## Work required
Although the records contain pictures, none belong in the copy: restate word for word only the lines from the one with "Dokkum 27 april 2026" through the one with "Koningsdag is dit", both included.

## Provided data
'''

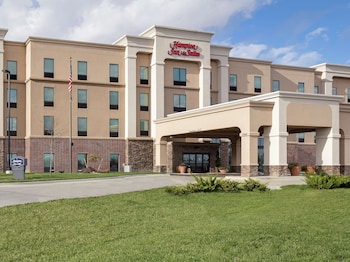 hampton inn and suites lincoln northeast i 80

'''
'''

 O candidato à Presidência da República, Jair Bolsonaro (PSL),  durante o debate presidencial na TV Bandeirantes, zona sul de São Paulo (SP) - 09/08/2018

'''
'''

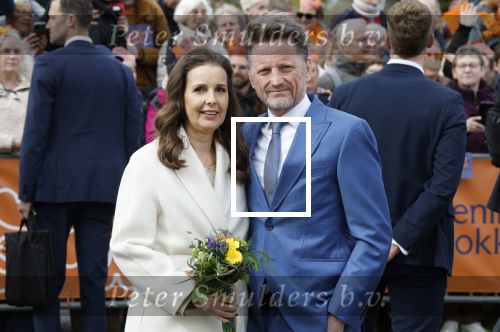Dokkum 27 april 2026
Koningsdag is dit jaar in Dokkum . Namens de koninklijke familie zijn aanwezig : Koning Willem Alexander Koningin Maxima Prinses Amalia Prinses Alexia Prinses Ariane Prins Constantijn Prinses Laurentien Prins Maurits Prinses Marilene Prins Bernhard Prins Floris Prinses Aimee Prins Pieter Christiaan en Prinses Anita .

'''

## Output for this task
Dokkum 27 april 2026
Koningsdag is dit jaar in Dokkum . Namens de koninklijke familie zijn aanwezig : Koning Willem Alexander Koningin Maxima Prinses Amalia Prinses Alexia Prinses Ariane Prins Constantijn Prinses Laurentien Prins Maurits Prinses Marilene Prins Bernhard Prins Floris Prinses Aimee Prins Pieter Christiaan en Prinses Anita .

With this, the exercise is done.